The PM prefix marks his specific numbered clones and holdbacks. He is perhaps most famously associated with exceptional kunayalense clones, but his carlablackiae selections carry the same hallmark: meticulous curation and a sharp eye for form. For many collectors, owning a PM-designated plant is as much about the provenance and story as it is about the plant itself.

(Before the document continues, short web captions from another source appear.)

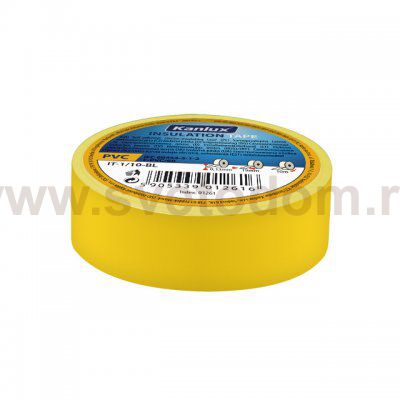 Изолента пвх желтая Kanlux IT-1/10-Y (1258)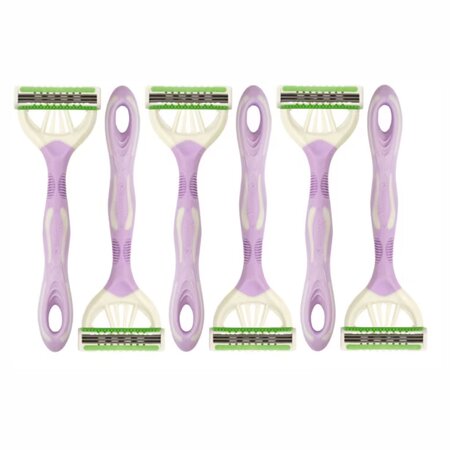 Aparat de ras flexibil cu 3 lame si maner Xtreme 3 My Intuition Comfort, Flori de cires,4 + 2 buc, Wilkinson 687839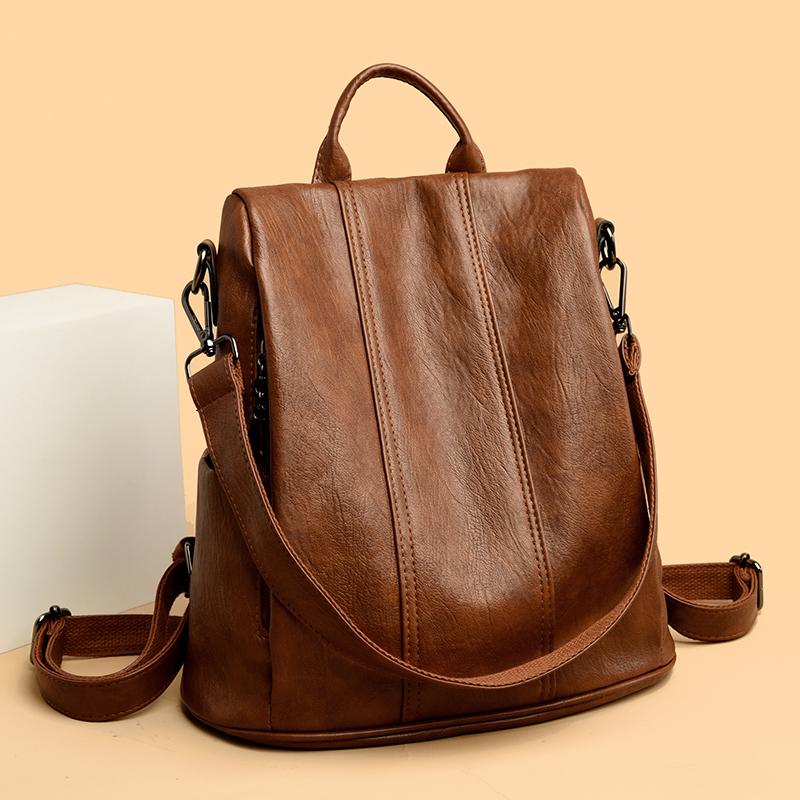 Mochila de Hombro Vintage Grande para Mujer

GPH: Juan (@GayPlantHeaux)
The GPH prefix comes from Juan, known in the community by his Instagram handle @GayPlantHeaux, who catalogued his carlablackiae mother plants under this notation. His most famous plant, GPH001, has become one of the most referenced individual carlablackiae specimens in the hobby. GPH001 has been used extensively as a parent in prominent crosses, including by Granthuriums, where it features in multiple F1 breeding lines. The round x GPH001 cross, for example, has produced offspring with exceptionally uniform dark colouration and a wide range of interesting forms, including unusually pink-spathed individuals. Juan’s careful documentation and willingness to share genetics have made GPH001 a cornerstone clone in the carlablackiae gene pool.
WU: Wuhoo Tropicals
The WU prefix designates clones and selections from Wuhoo Tropicals, a nursery that made meaningful early contributions to the carlablackiae hobby. WU-origin plants have served as a foundation for other breeders, including growers in Thailand who built their own AU series (AU1, AU2, etc.) from specially selected WU stock, demonstrating how carlablackiae genetics have spread globally, with each generation of growers adding their own selections to the lineage.
A: Hoyahole
The A prefix is used by Hoyahole, a breeder and cultivator based in Maine who labels their carlablackiae mother plants A1, A2, and so on. A2, for instance, is a clone acquired when the species first entered cultivation in 2020, while A1 has been used as both seed and pollen parent in documented crosses. The careful tracking of these clones, even in a smaller private collection, reflects the broader culture of precision and transparency that characterises the most respected voices in the carlablackiae community.
Why Clone Provenance Matters
For newer collectors, the alphabet soup of prefixes can seem overwhelming, but it exists for a reason. Anthurium carlablackiae displays extraordinary phenotypic variation. Two plants of the same species can look dramatically different: one holding near-black colouration across multiple hardened leaves with electric pink emergent veins; another fading to a muddy green with underwhelming venation. Without provenance, you are buying a lottery ticket. With it, you are buying a lineage.
This is why understanding who selected a plant, what they were selecting for, and which mother plants were used matters so much. The RA, OG, PM, GPH, and WU designations are not marketing. They are data. They tell you something real about what to expect, and they allow breeders down the line to make informed decisions about which genetics to combine.
Anthurium carlablackiae is still a young species in cultivation, formally described only in 2020. The community of breeders pushing its potential forward is small, passionate, and extraordinarily knowledgeable. For the advanced collector, learning this language is not optional. It is the foundation of participating meaningfully in one of the most exciting ongoing stories in the aroid world.